BEGIN MATERIAL SHOWN

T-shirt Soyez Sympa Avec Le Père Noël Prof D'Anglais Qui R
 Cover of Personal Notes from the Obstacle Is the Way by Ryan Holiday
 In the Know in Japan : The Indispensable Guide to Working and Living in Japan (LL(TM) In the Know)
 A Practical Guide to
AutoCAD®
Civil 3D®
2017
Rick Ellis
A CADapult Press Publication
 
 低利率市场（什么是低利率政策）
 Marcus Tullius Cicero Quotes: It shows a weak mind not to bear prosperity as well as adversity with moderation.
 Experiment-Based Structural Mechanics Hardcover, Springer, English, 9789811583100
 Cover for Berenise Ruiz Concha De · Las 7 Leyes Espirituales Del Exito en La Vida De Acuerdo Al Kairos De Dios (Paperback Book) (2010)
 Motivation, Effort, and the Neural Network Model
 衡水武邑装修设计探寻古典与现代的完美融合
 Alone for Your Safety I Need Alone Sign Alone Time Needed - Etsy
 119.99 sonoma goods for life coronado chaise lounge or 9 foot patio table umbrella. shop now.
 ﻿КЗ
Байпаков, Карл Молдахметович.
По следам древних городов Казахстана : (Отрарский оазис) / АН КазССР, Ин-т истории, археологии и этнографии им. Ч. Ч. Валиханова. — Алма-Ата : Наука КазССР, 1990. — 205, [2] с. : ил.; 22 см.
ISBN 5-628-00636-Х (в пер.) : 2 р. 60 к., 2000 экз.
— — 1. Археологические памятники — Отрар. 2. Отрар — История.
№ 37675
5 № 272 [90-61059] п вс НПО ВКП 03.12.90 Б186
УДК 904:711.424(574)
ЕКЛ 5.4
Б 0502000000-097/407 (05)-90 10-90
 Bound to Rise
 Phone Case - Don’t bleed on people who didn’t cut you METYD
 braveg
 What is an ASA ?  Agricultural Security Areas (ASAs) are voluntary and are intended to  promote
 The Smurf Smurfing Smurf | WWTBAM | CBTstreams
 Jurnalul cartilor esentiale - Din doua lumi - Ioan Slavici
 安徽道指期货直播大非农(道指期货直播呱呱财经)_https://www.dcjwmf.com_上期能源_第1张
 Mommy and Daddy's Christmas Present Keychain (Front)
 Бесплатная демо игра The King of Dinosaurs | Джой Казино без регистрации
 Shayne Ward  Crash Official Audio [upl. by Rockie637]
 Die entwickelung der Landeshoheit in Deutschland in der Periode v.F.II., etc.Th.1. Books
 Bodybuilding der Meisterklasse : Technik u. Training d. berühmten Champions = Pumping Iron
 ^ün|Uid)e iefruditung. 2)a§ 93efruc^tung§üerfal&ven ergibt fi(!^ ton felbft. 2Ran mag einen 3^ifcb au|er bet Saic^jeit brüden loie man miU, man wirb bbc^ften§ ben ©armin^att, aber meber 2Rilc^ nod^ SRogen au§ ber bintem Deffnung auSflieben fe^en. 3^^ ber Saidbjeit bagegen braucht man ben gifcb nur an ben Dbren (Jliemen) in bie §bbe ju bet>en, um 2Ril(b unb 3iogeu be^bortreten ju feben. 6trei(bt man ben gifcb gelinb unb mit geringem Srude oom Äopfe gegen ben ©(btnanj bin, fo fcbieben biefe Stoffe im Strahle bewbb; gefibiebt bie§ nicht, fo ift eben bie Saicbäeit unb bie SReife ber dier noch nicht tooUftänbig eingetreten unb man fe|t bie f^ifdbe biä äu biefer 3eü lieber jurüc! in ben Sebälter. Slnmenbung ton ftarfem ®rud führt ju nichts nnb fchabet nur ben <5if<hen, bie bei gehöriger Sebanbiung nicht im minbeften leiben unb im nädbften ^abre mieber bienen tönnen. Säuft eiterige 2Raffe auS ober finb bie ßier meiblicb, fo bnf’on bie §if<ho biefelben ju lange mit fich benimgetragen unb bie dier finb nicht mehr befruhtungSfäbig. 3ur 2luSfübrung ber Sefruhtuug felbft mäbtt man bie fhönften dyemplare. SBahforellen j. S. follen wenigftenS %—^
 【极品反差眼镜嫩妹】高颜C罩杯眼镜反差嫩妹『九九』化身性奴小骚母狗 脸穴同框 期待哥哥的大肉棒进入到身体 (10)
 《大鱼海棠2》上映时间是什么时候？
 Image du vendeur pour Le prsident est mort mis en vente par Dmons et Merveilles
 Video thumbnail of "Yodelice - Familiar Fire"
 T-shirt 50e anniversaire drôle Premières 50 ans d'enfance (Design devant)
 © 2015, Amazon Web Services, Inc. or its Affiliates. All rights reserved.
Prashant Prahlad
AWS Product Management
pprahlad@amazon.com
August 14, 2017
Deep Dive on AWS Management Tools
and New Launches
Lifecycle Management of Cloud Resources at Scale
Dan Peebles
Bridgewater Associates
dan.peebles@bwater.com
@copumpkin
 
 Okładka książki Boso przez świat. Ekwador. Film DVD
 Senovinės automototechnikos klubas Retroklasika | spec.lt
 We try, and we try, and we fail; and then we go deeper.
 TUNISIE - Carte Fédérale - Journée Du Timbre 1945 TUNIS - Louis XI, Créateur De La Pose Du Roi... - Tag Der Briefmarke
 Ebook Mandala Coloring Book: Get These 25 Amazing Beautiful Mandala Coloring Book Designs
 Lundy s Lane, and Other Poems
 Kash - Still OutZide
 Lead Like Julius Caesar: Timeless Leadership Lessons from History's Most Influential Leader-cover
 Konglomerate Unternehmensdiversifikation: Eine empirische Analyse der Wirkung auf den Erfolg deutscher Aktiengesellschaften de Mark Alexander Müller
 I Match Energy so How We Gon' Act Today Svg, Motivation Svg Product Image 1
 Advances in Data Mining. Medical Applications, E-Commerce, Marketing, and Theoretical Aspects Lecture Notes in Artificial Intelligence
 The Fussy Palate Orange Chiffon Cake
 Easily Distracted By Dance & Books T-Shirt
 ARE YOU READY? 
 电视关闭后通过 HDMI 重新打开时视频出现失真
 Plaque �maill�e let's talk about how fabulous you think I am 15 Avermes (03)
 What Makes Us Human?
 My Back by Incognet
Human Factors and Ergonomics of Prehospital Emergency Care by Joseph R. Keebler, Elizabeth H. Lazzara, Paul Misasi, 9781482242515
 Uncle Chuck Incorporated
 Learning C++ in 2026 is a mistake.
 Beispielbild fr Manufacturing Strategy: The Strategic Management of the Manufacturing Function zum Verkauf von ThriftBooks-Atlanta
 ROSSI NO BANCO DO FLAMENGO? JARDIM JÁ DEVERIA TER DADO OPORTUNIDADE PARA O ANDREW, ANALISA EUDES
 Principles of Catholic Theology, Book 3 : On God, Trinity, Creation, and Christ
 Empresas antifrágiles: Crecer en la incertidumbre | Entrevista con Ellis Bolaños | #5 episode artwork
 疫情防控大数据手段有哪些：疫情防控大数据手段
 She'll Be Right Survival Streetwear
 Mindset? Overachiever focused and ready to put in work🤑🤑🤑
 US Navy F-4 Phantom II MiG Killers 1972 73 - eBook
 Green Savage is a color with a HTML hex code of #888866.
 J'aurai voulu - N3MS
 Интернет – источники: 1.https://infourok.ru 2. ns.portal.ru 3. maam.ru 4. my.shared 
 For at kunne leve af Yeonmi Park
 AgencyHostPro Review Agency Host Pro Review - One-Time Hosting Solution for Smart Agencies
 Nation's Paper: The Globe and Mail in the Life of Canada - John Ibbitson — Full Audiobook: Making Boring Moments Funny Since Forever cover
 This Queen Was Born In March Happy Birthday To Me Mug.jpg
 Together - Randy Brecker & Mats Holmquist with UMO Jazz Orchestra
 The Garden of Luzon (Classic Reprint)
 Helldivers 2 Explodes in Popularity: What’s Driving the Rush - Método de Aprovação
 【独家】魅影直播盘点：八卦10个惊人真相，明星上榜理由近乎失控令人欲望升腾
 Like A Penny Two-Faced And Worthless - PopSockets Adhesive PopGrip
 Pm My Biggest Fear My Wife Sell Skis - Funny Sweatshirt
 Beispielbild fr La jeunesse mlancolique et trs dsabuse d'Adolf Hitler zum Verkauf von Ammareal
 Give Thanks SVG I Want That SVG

END MATERIAL SHOWN

EXERCISE BRIEF: Reprint exactly the lines above that start at the one with "In the Know in" and end at the one with "Experiment-Based Structural Mechanics", keeping both and adding none.

RESPONSE TO THE EXERCISE:
 In the Know in Japan : The Indispensable Guide to Working and Living in Japan (LL(TM) In the Know)
 A Practical Guide to
AutoCAD®
Civil 3D®
2017
Rick Ellis
A CADapult Press Publication
 
 低利率市场（什么是低利率政策）
 Marcus Tullius Cicero Quotes: It shows a weak mind not to bear prosperity as well as adversity with moderation.
 Experiment-Based Structural Mechanics Hardcover, Springer, English, 9789811583100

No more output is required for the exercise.